#### ACTIVITY
Only the lines from the one containing "pool at dusk" to the end of the data below belong in the answer, each repeated exactly; no pictures.

#### RECORD SET
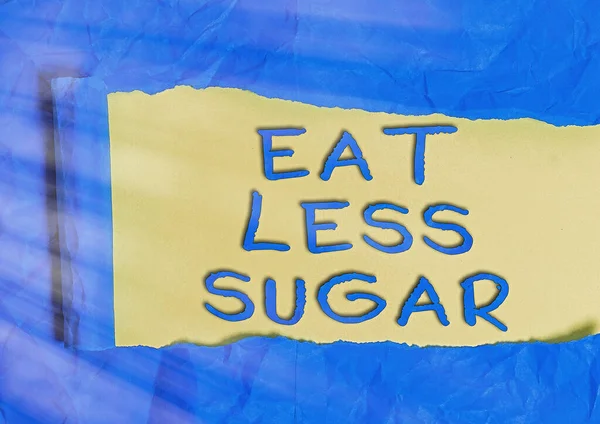 単語の書き込みテキスト以下の砂糖を食べる。砂糖の摂取量を減らし、健康的な食事を豊富に食べるためのビジネスコンセプト木製の古典的なテーブルの背景の上に置かれた裂けた段ボールを転がし. — ストック写真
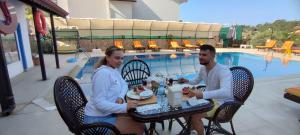 a man and woman sitting at a table by a pool at California Apart Otel in Oludeniz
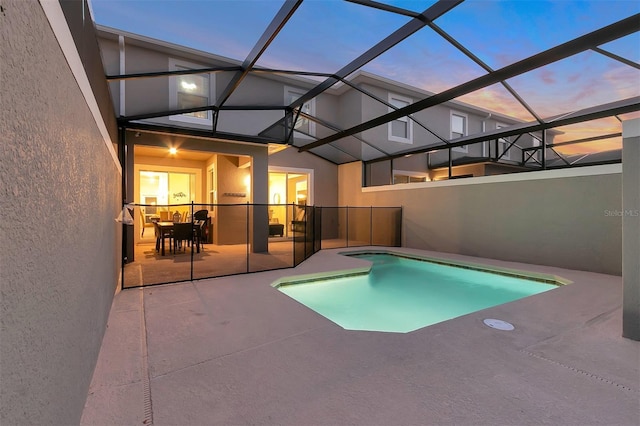 pool at dusk with glass enclosure and a patio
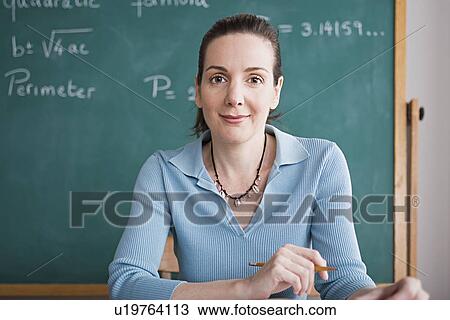 Stock Image - Confident female teacher posing against blackboard. Fotosearch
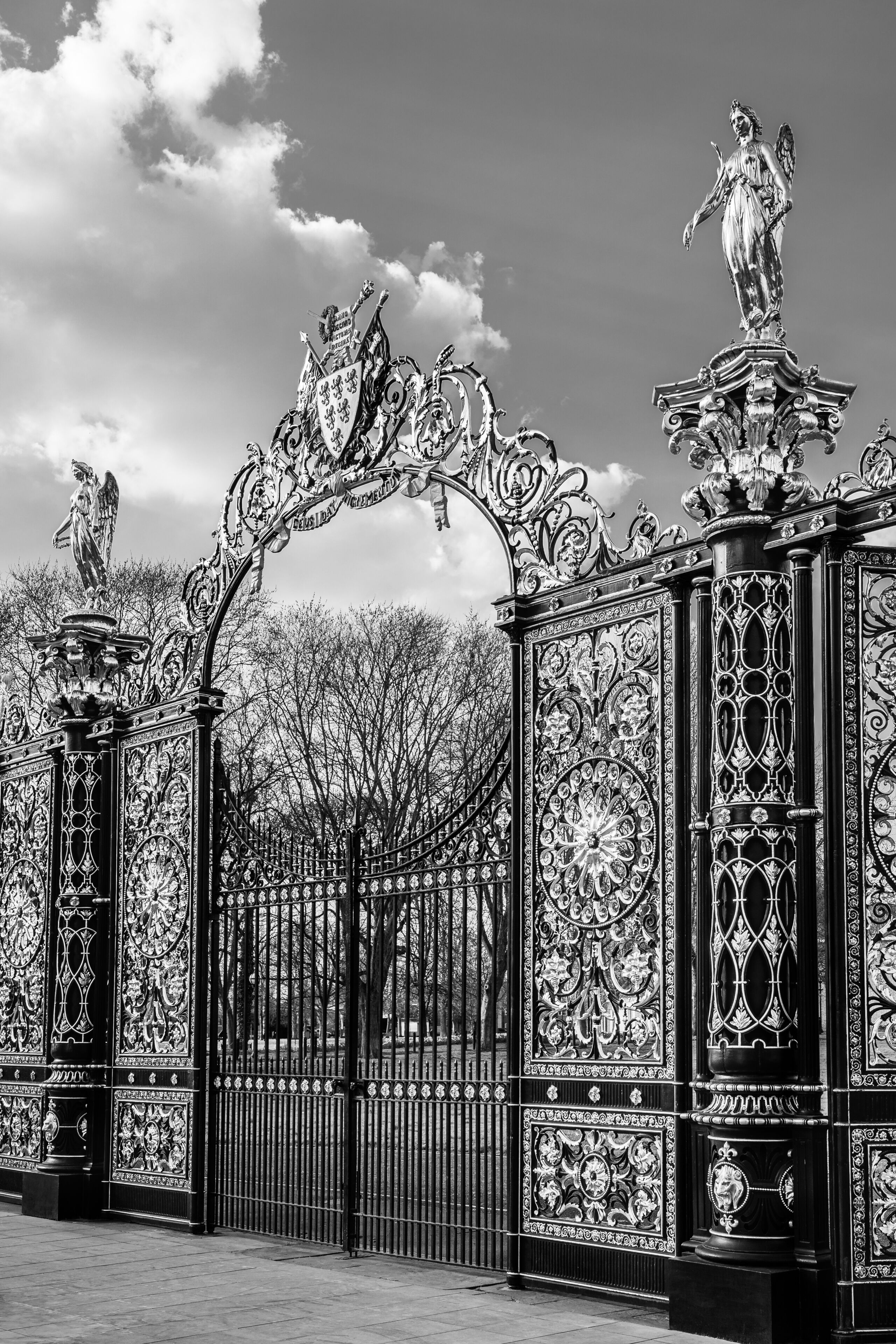 Um portão de ferro ornamentado com desenhos intrincados e estátuas.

#### EXERCISE RESPONSE
 pool at dusk with glass enclosure and a patio
 Stock Image - Confident female teacher posing against blackboard. Fotosearch
 Um portão de ferro ornamentado com desenhos intrincados e estátuas.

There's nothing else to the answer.